Your assignment
All of the data, word for word and free of pictures, is the expected result.

BEGIN Supplied records

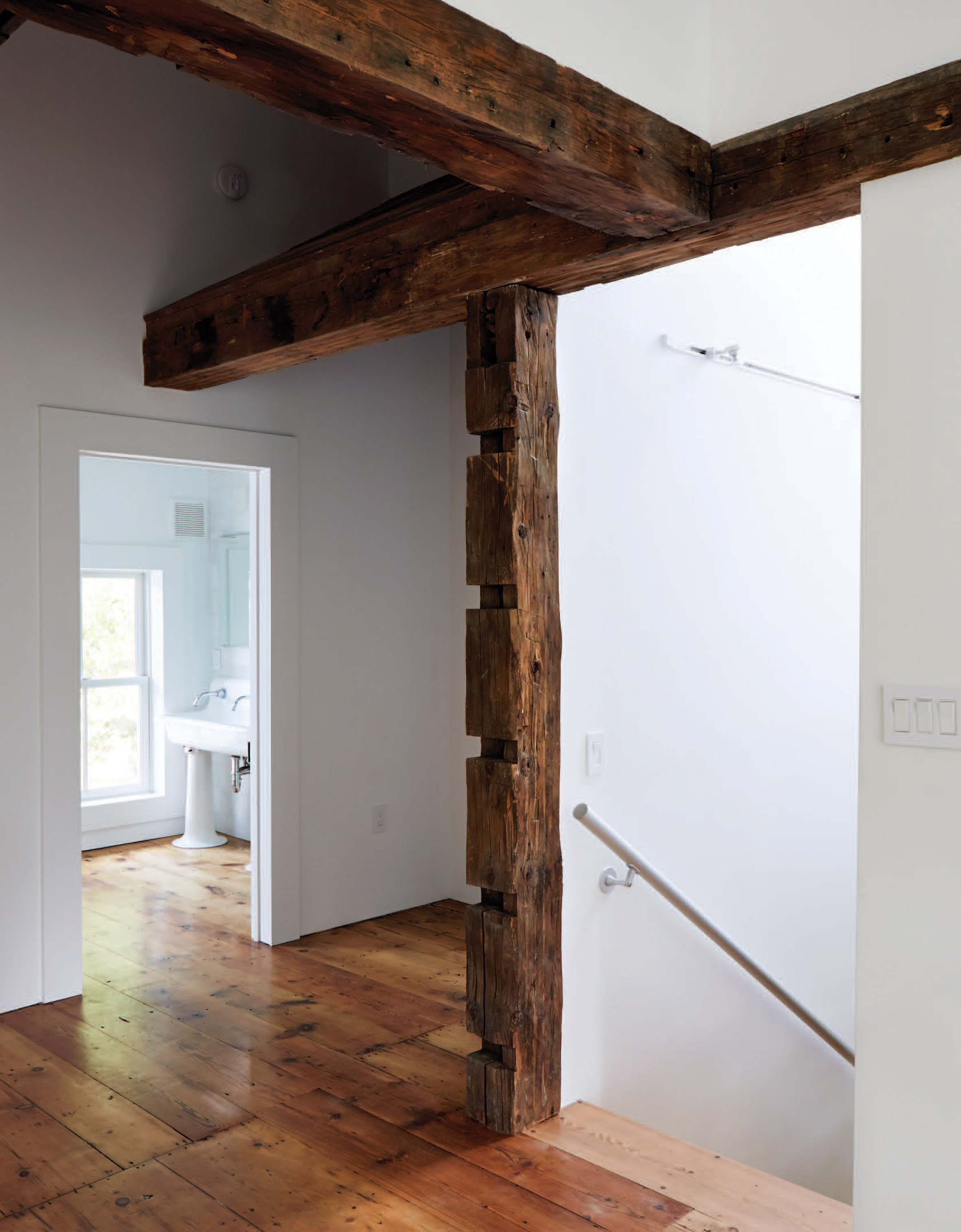 Curvaceous extension by Tom Givone abuts farmhouse in Pennsylvania-19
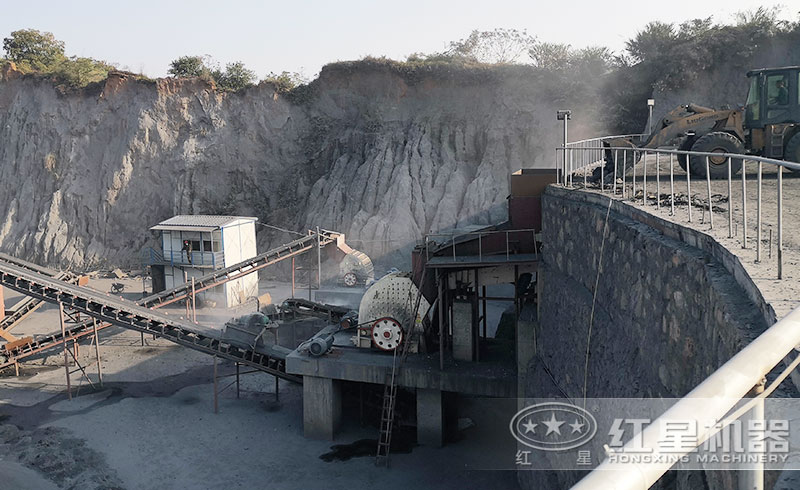 PCZ1615重錘式破碎機(jī)產(chǎn)量是多少？多少錢(qián)一臺(tái)？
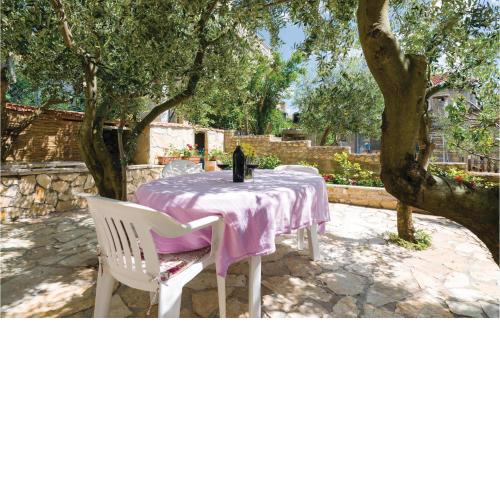 2 Bedroom Beautiful Apartment In Krusevo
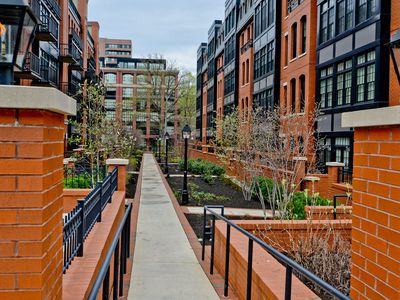 1700 Clarendon Blvd #125, Arlington, VA, 22209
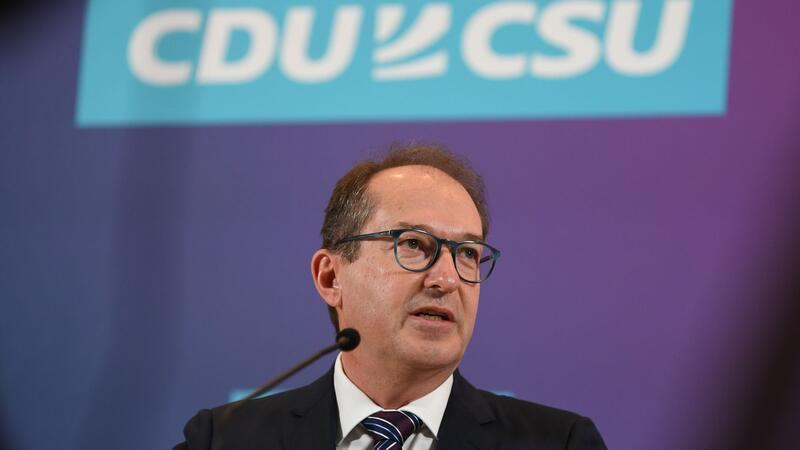 CSU-Landesgruppenchef Dobrindt fordert Asyl-Pakt mit Ruanda Alexander Dobrindt verlangt, Flüchtlinge gezielt nach Ruanda zu bringen, statt sie in Europa oder Nordafrika zu versorgen.
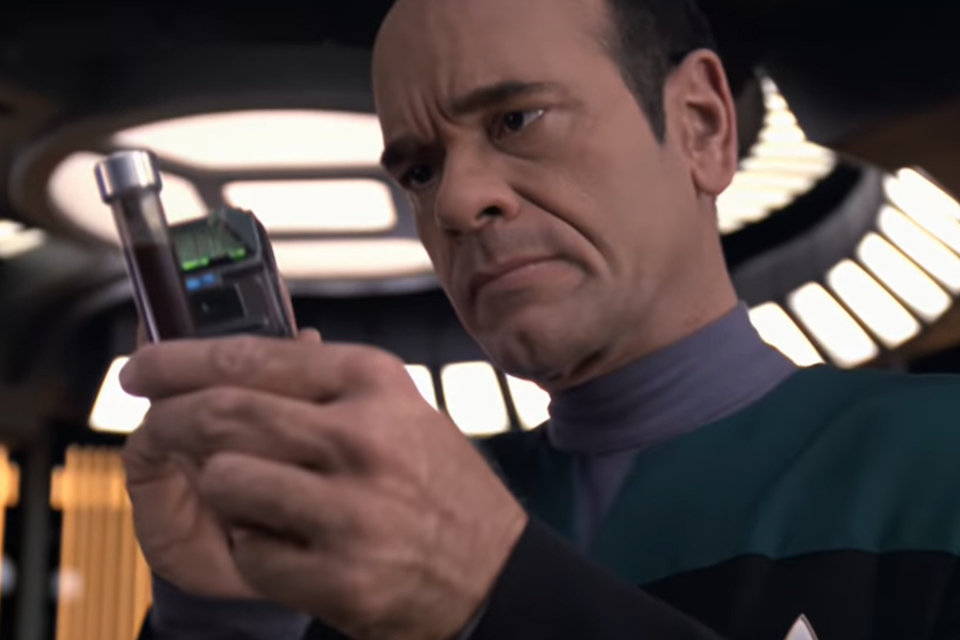 Star Trek Voyager: fã cria versão 4K com ajuda de IA; confira
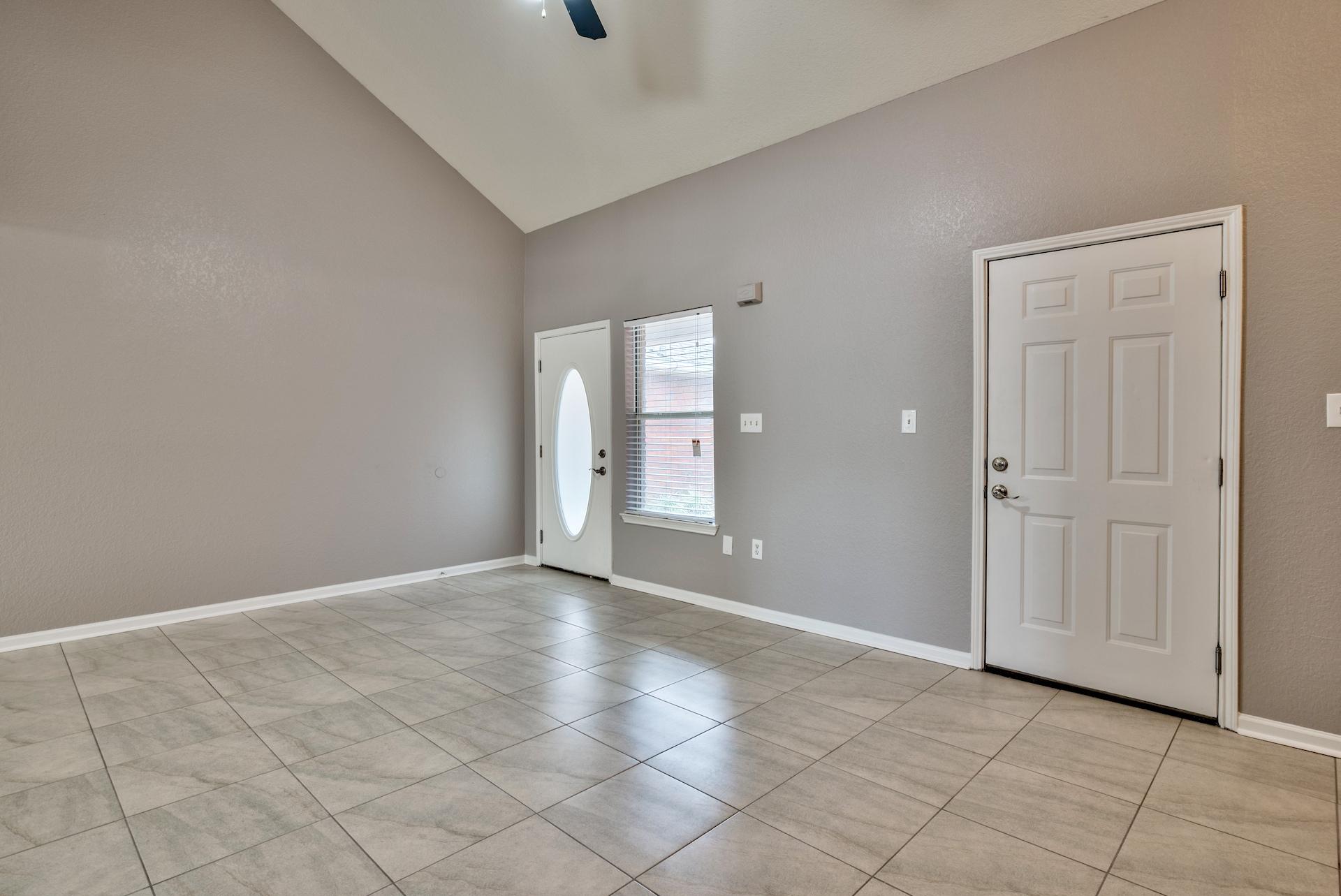 QUAIL HOLLOW - Residential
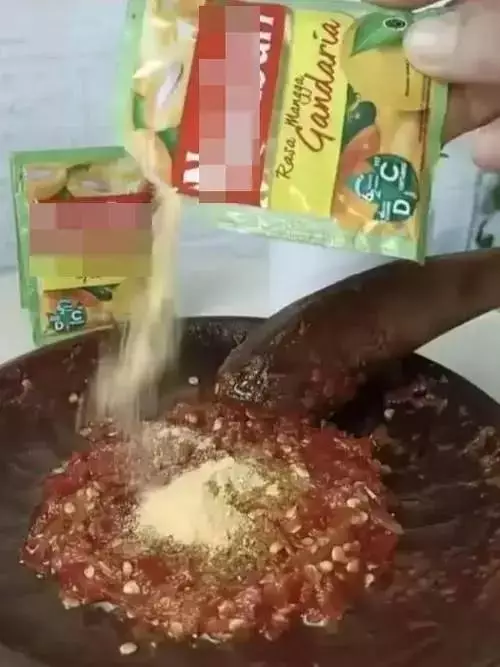 olahan sambel kocak © 2025 berbagai sumber olahan sambel kocak © 2025 berbagai sumber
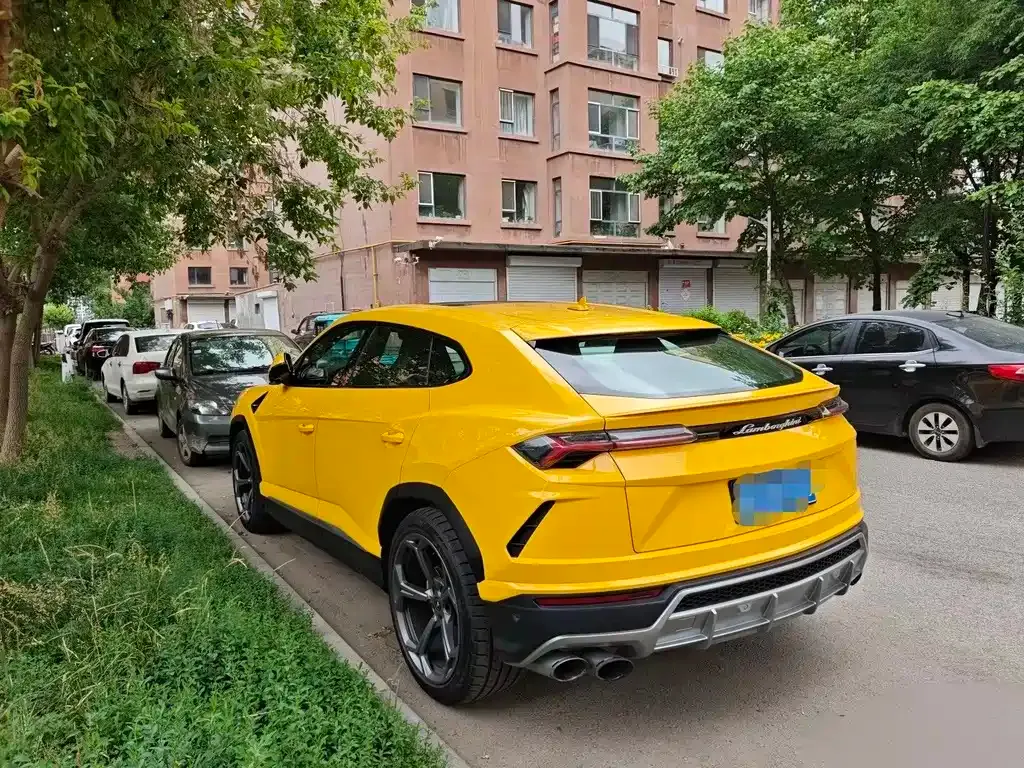 Lamborghini Urus — фото 8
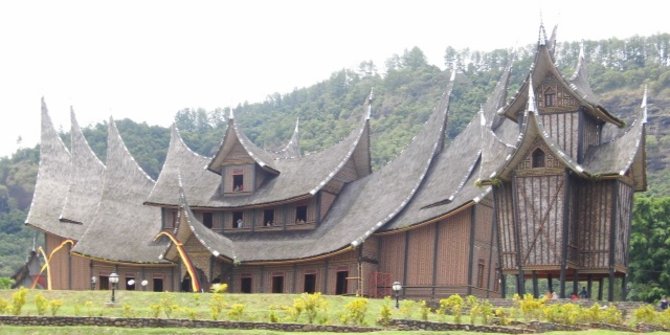 Mengulik Rumah Gadang dari Sumatra Barat, Tahan Gempa dan Punya Desain Unik
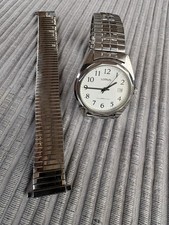 Lorus Stainless Steel Quartz Watch Elasticated Stainless Strap New Battery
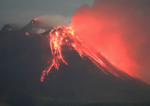  Pericol după erupția celui mai mare vulcan din lume: bulele de lavă explodează și se transformă în sticlă
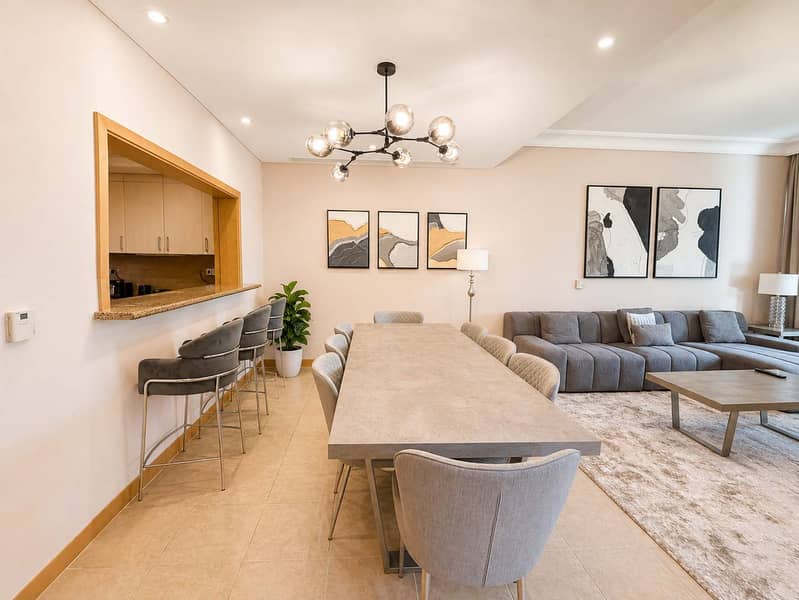 6 Newly Renovated Spacious Beachfront 2 Bed in Palm Jumeirah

END Supplied records

Exercise answer
 Curvaceous extension by Tom Givone abuts farmhouse in Pennsylvania-19
 PCZ1615重錘式破碎機(jī)產(chǎn)量是多少？多少錢(qián)一臺(tái)？
 2 Bedroom Beautiful Apartment In Krusevo
 1700 Clarendon Blvd #125, Arlington, VA, 22209
 CSU-Landesgruppenchef Dobrindt fordert Asyl-Pakt mit Ruanda Alexander Dobrindt verlangt, Flüchtlinge gezielt nach Ruanda zu bringen, statt sie in Europa oder Nordafrika zu versorgen.
 Star Trek Voyager: fã cria versão 4K com ajuda de IA; confira
 QUAIL HOLLOW - Residential
 olahan sambel kocak © 2025 berbagai sumber olahan sambel kocak © 2025 berbagai sumber
 Lamborghini Urus — фото 8
 Mengulik Rumah Gadang dari Sumatra Barat, Tahan Gempa dan Punya Desain Unik
 Lorus Stainless Steel Quartz Watch Elasticated Stainless Strap New Battery
  Pericol după erupția celui mai mare vulcan din lume: bulele de lavă explodează și se transformă în sticlă
 6 Newly Renovated Spacious Beachfront 2 Bed in Palm Jumeirah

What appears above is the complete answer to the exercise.